Work request: Print the first line of the data below and every one after it, through the line containing "Lots Of Naked Women", exactly as written.

Exercise input:

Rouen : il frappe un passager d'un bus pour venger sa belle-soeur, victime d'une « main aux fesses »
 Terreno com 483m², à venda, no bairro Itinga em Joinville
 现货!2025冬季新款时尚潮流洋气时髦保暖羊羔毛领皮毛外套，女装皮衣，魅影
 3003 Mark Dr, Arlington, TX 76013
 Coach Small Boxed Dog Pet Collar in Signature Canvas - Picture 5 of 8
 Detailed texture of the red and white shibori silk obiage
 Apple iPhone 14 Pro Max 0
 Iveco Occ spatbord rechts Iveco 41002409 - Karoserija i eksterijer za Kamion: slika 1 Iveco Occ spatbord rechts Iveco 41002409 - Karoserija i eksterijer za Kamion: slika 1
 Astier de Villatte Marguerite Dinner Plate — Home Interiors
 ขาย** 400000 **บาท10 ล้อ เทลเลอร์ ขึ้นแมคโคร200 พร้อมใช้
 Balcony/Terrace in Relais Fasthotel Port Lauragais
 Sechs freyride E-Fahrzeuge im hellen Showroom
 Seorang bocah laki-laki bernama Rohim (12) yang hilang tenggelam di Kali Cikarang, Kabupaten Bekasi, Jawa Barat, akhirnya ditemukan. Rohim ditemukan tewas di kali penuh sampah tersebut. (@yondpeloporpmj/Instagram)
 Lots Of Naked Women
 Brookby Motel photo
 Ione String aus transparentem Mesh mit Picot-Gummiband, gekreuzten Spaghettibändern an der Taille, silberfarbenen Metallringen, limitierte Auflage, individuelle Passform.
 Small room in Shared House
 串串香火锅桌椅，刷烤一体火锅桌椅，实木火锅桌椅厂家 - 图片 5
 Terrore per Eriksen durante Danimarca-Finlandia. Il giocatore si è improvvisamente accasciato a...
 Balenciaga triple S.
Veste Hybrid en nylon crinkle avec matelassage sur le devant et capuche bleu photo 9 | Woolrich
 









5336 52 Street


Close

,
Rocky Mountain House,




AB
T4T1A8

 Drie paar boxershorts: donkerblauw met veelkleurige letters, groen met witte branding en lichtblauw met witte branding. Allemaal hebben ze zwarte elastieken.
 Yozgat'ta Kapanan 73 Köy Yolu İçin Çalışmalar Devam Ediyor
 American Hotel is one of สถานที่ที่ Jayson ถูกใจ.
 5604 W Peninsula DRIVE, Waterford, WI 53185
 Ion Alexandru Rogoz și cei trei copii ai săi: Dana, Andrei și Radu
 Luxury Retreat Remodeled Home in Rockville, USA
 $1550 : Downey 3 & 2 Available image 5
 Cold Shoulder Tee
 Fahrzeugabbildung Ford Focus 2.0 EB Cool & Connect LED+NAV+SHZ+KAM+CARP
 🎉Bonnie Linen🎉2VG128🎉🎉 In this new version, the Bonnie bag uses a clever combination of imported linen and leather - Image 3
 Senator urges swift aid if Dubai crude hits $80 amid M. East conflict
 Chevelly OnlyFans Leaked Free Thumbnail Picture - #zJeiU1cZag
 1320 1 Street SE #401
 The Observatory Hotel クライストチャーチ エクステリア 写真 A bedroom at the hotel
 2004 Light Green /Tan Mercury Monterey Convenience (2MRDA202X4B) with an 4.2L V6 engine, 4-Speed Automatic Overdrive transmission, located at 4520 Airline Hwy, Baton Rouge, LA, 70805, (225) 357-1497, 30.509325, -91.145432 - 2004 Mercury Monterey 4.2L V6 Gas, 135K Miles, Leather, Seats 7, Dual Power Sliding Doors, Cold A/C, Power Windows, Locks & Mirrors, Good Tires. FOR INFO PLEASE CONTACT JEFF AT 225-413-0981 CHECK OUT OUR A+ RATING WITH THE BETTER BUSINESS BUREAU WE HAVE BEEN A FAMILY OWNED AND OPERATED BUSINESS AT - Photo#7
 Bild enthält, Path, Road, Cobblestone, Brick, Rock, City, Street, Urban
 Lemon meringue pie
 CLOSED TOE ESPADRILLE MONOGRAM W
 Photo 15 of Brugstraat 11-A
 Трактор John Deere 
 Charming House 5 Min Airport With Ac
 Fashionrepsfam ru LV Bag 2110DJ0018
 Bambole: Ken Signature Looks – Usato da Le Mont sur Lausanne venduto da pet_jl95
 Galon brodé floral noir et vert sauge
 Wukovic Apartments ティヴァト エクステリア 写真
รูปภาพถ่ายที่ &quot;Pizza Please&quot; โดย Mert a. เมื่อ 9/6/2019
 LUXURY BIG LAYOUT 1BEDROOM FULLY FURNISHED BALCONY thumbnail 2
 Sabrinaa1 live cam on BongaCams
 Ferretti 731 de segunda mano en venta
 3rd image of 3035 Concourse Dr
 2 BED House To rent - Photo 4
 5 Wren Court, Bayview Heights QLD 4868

Answer to this exercise:
Rouen : il frappe un passager d'un bus pour venger sa belle-soeur, victime d'une « main aux fesses »
 Terreno com 483m², à venda, no bairro Itinga em Joinville
 现货!2025冬季新款时尚潮流洋气时髦保暖羊羔毛领皮毛外套，女装皮衣，魅影
 3003 Mark Dr, Arlington, TX 76013
 Coach Small Boxed Dog Pet Collar in Signature Canvas - Picture 5 of 8
 Detailed texture of the red and white shibori silk obiage
 Apple iPhone 14 Pro Max 0
 Iveco Occ spatbord rechts Iveco 41002409 - Karoserija i eksterijer za Kamion: slika 1 Iveco Occ spatbord rechts Iveco 41002409 - Karoserija i eksterijer za Kamion: slika 1
 Astier de Villatte Marguerite Dinner Plate — Home Interiors
 ขาย** 400000 **บาท10 ล้อ เทลเลอร์ ขึ้นแมคโคร200 พร้อมใช้
 Balcony/Terrace in Relais Fasthotel Port Lauragais
 Sechs freyride E-Fahrzeuge im hellen Showroom
 Seorang bocah laki-laki bernama Rohim (12) yang hilang tenggelam di Kali Cikarang, Kabupaten Bekasi, Jawa Barat, akhirnya ditemukan. Rohim ditemukan tewas di kali penuh sampah tersebut. (@yondpeloporpmj/Instagram)
 Lots Of Naked Women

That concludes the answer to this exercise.